─── Given information

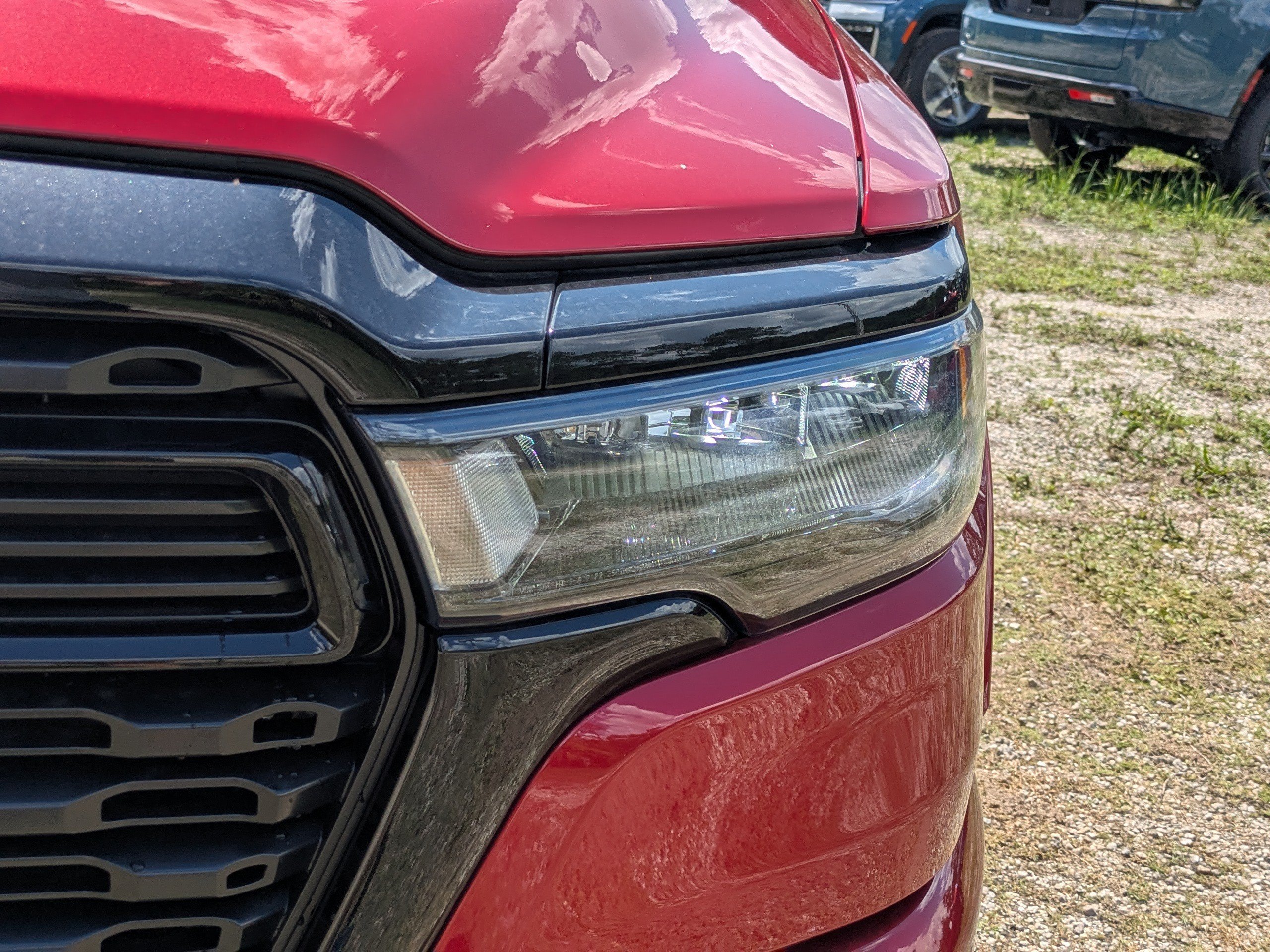 New 2026 Molten Red Pearl-Coat Exterior Paint RAM Big Horn image 9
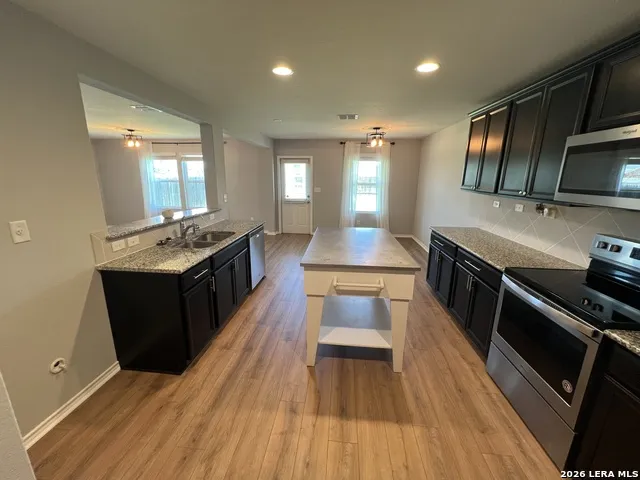 12037 Silver Light San Antonio, TX 78254
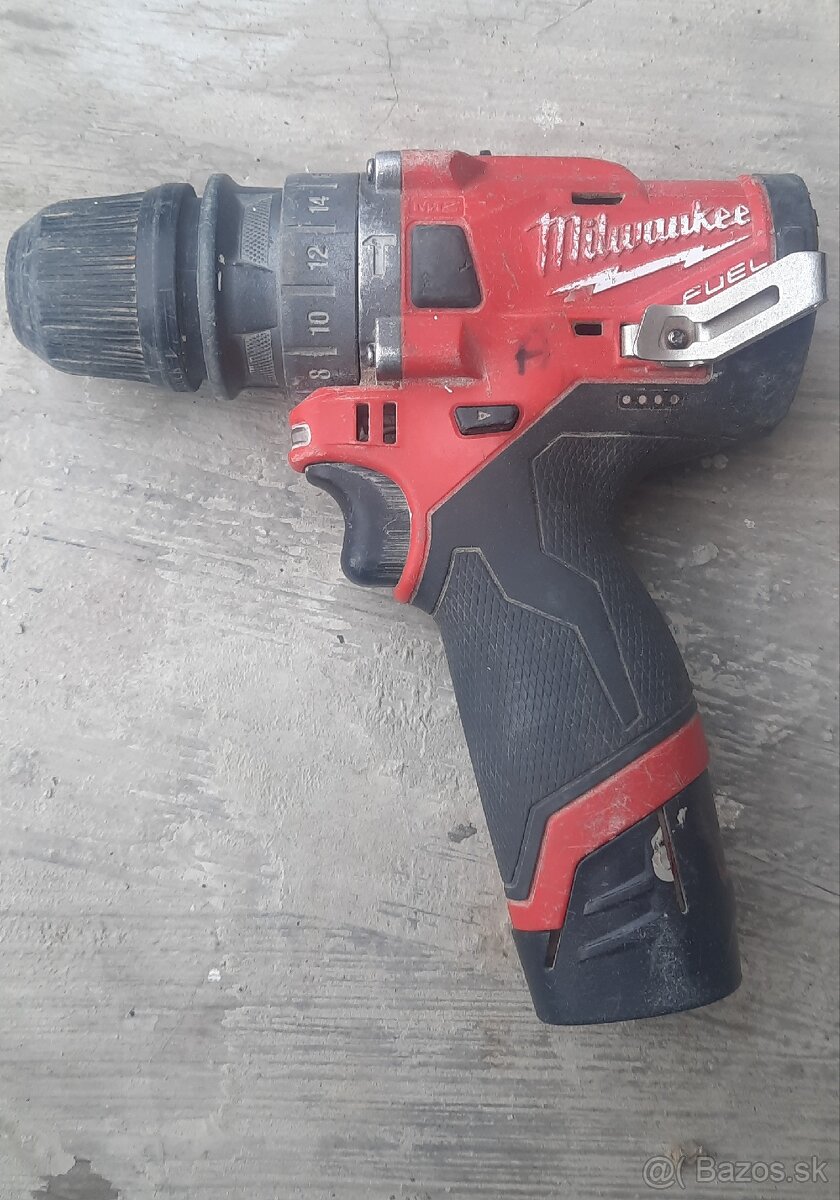 Milwaukee m12 skrutkovac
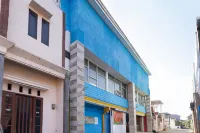 OYO Life 3720 Homestay Gayatri Janti Hôtels à : Sukun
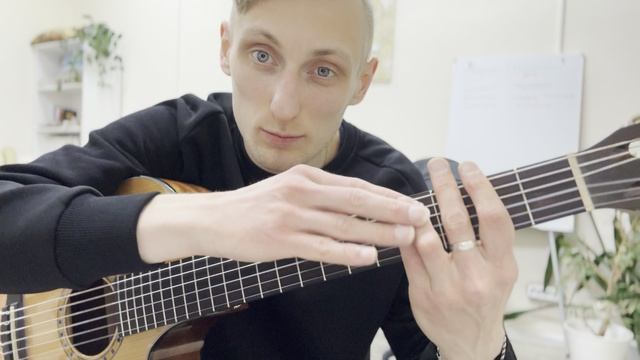 ⭐️ Виктор Цой - Группа Крови аккорды и как играть на гитаре вступление | Кино - Группа Крови 🎸 смотреть онлайн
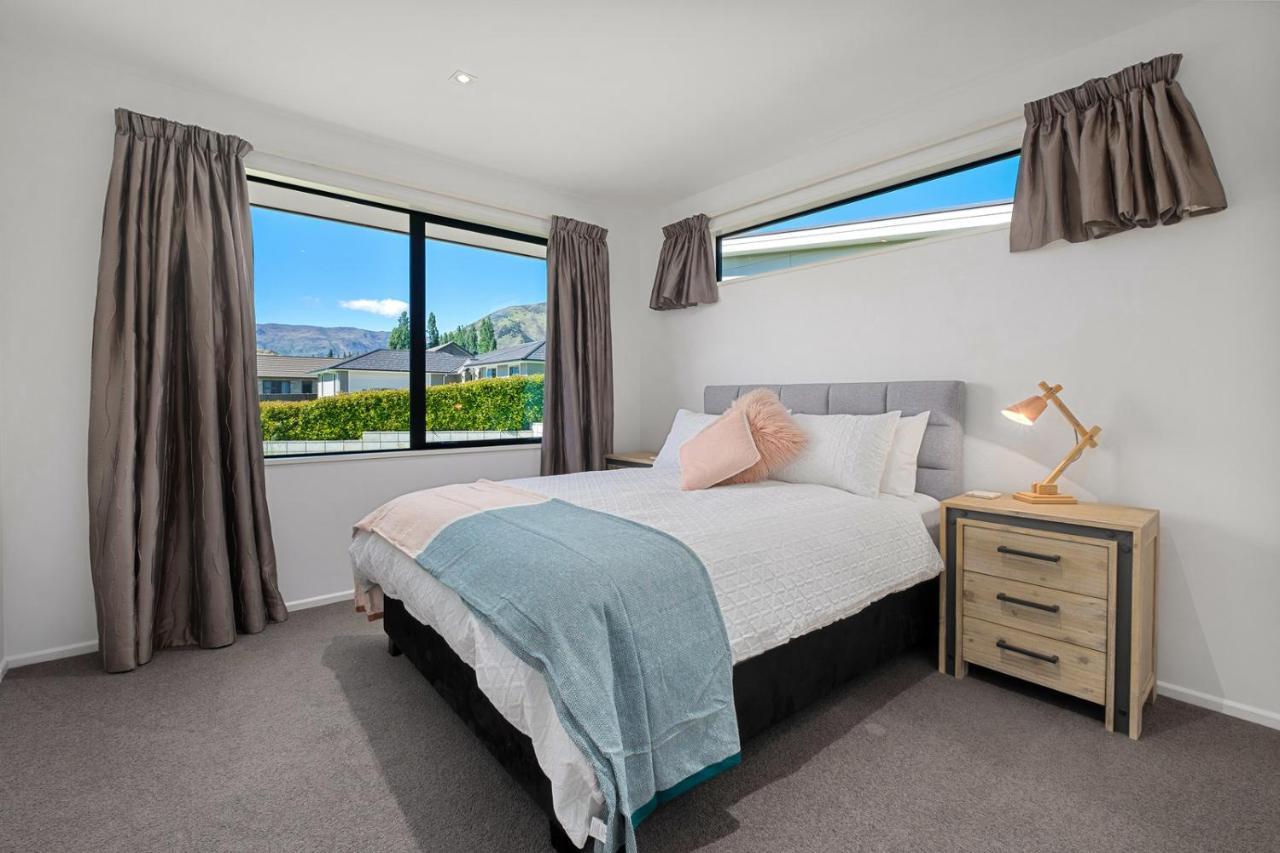 Roys Bay Lodge - Wanaka Holiday Home Bagian luar foto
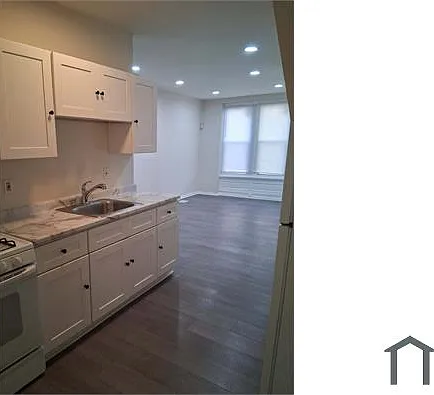 2253 N 16th St #1 — Photo 1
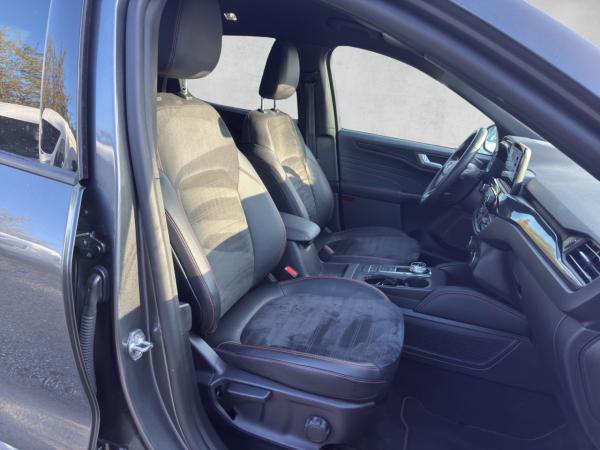 Ford Kuga Plug-In Hybrid ST-Line X Sportpaket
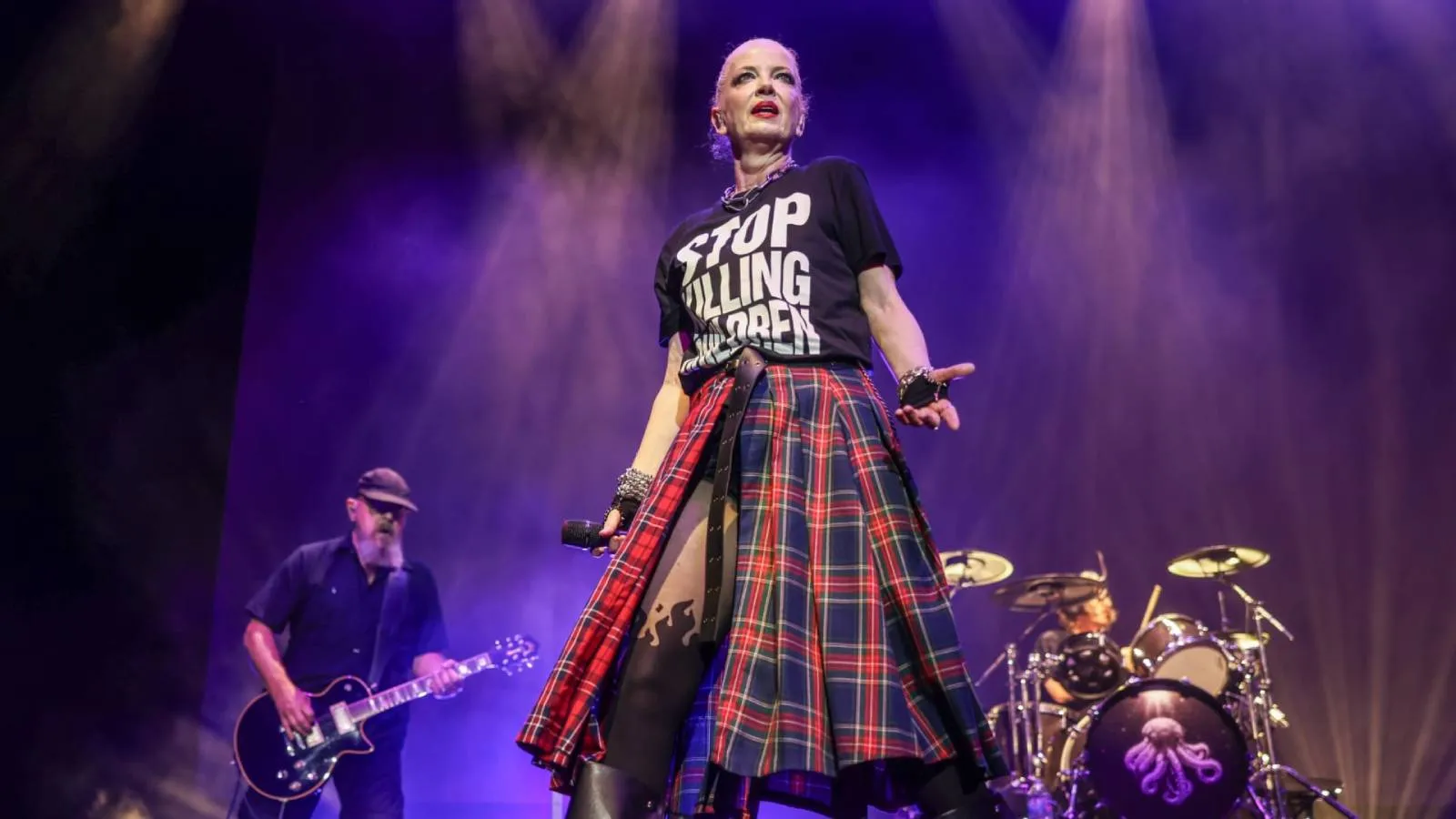 Garbage solisti Shirley Manson, öldüğünü bilmeden Müslüm Gürses’e seslendi: Eğer onu görürseniz kendisine söyleyin, bence benden çok daha iyi yorumlamış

──────

> **What the exercise asks**:
Could you copy exactly, and with no pictures, the lines above from the one containing "OYO Life 3720" through the last line, both included?

> **Expected output**:
 OYO Life 3720 Homestay Gayatri Janti Hôtels à : Sukun
 ⭐️ Виктор Цой - Группа Крови аккорды и как играть на гитаре вступление | Кино - Группа Крови 🎸 смотреть онлайн
 Roys Bay Lodge - Wanaka Holiday Home Bagian luar foto
 2253 N 16th St #1 — Photo 1
 Ford Kuga Plug-In Hybrid ST-Line X Sportpaket
 Garbage solisti Shirley Manson, öldüğünü bilmeden Müslüm Gürses’e seslendi: Eğer onu görürseniz kendisine söyleyin, bence benden çok daha iyi yorumlamış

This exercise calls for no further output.